I mean open the throttle_ at all _in gear.
no CEL's, only does it cold engine and seems exaggerated as the ambient temp drops.
also has a momentary stumbling cold idle once in a while.

my concern is if they flash it I'm afraid I'll loose other performance and/or mileage. So until it's a real PROBLEM, it's no big deal.

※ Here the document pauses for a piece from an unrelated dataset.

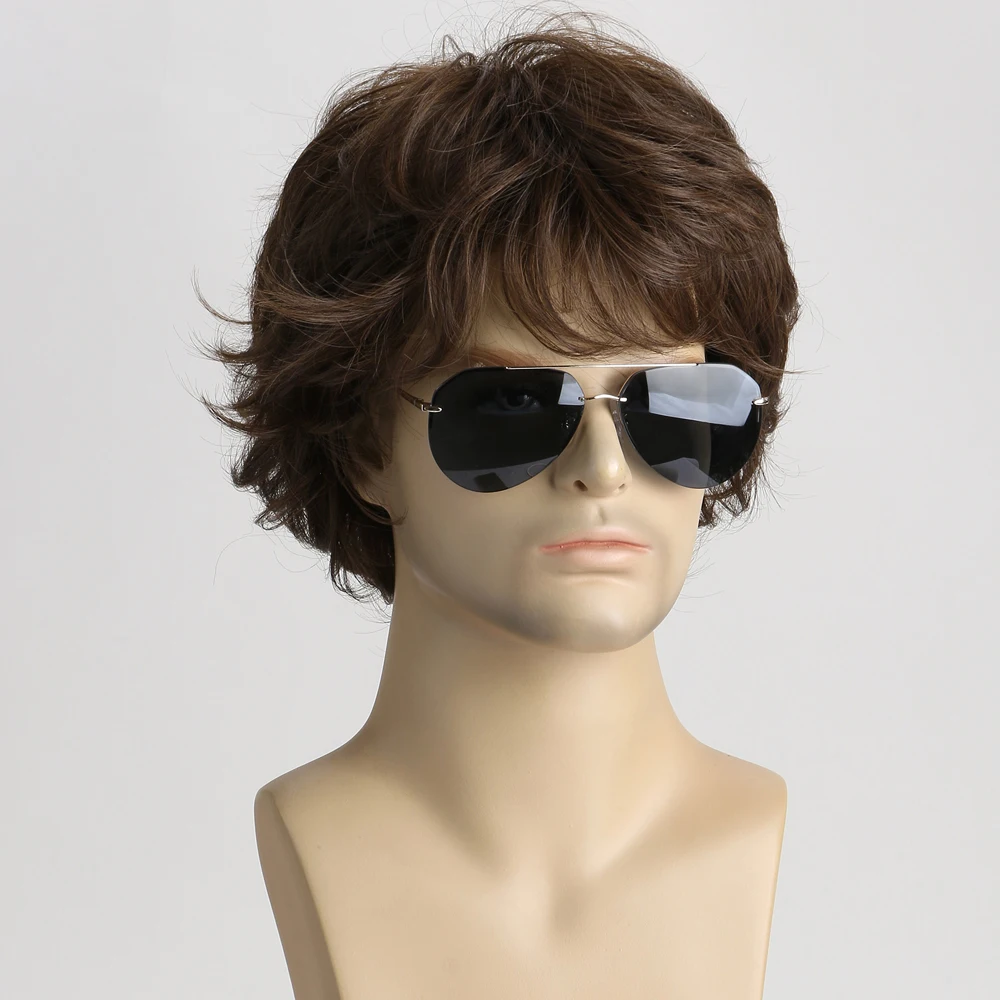 10 Inch Curly Wig Synthetic Short Brown Wig Hair For Men Suitable For Daily Use Christmas Halloween Music Festival Wedding Ball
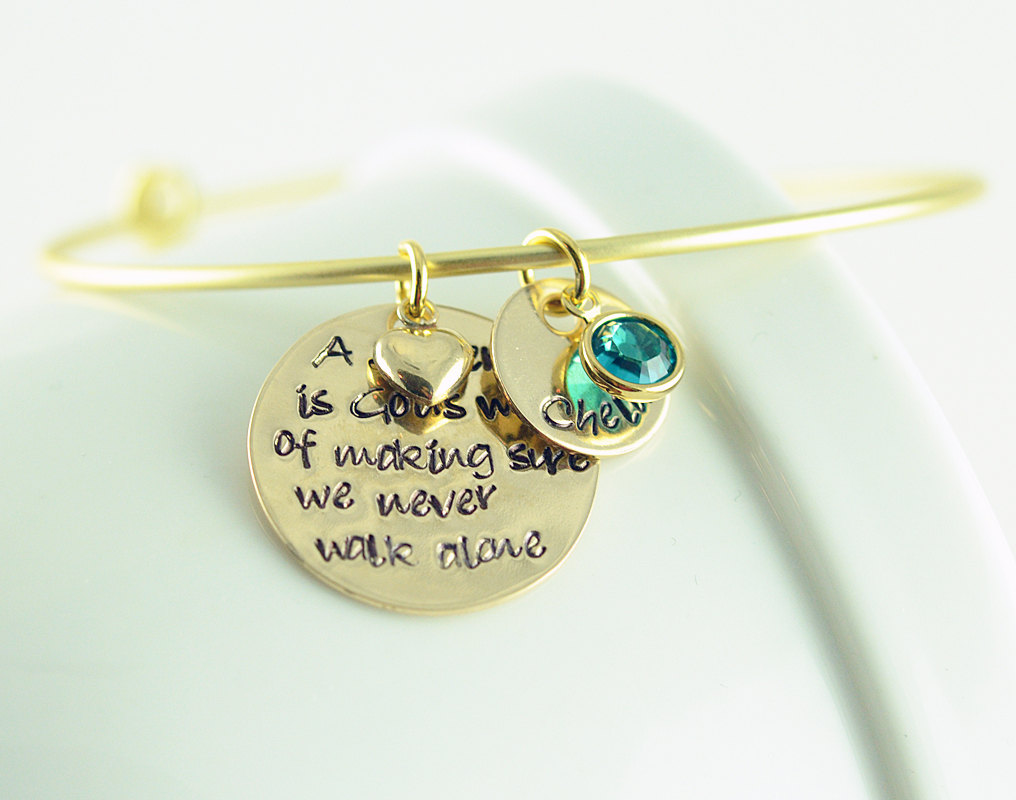 Personalized Hand Stamped Bangle Bracelet, Name And Birthstone Bracelet, Alex And Ani Inspired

I am in a position as of a few months ago driving it 4-800 miles a week interstate. I really like this car more than I thought I would.
I'm a big guy and the seat is less than fantastic, wouldn't want to spend 3-4 hours at a crack in it, but for the 100 mi. one way to work it's doable.
Kynergy tires are junk (and I'm a prior Hankook fan)
Otherwise it's an enjoyable driver with **** good highway performance and mileage.
This little car flies pretty good!
Run it 90% of the time on non ethanol premium as I pretty "demanding" of it lol.

loaded LT RS


----------



## bpl0807 (Feb 5, 2018)

I too have a 2nd gen 2016.5 LT 1.4 with the 6 speed automatic that's 100% stock and have experienced this since I bought the car used back in February of this year at 40K miles. It's now sitting at 51K miles and still does it no more or less than it did when I purchased it. 

I've done quite a few things to attempt to find a remedy including new spark plugs, compression test, transmission fluid drain and fill, premium fuel, injector cleaner and probably something else I can't think of at the moment. None of these things have had any effect whatsoever on the jerking I'll get from time to time. 

I have found that it usually occurs the most once its shifted into 3rd between 1500-3000 rpm under 1/3 throttle or more however I have caught it happening here and there in other gears as well so I've pretty well ruled out it being anything with the transmission. I'm honestly starting to believe that it's a software issue within the factory tune. I keep waiting for a check engine light for a misfire or something but have never gotten a light other than for the ambient air temp sensor which was unplugged by a body shop awhile back and threw a code for it.

This is honestly the only "issue" I've had with this car and I'm strongly considering stopping by the dealer one day to see if there's a firmware update available for the PCM that changes anything with the tuning of the car.


----------



## jblackburn (Apr 14, 2012)

bpl0807 said:


> I too have a 2nd gen 2016.5 LT 1.4 with the 6 speed automatic that's 100% stock and have experienced this since I bought the car used back in February of this year at 40K miles. It's now sitting at 51K miles and still does it no more or less than it did when I purchased it.
> 
> I've done quite a few things to attempt to find a remedy including new spark plugs, compression test, transmission fluid drain and fill, premium fuel, injector cleaner and probably something else I can't think of at the moment. None of these things have had any effect whatsoever on the jerking I'll get from time to time.
> 
> ...


Mine hiccups a little bit under load off a dead cold engine too. <30k miles on it. If I wait slightly longer to set off and put it in gear, it's fine...so I usually just remote start as I'm walking to it and take it easy on the car on the way out of the neighborhood.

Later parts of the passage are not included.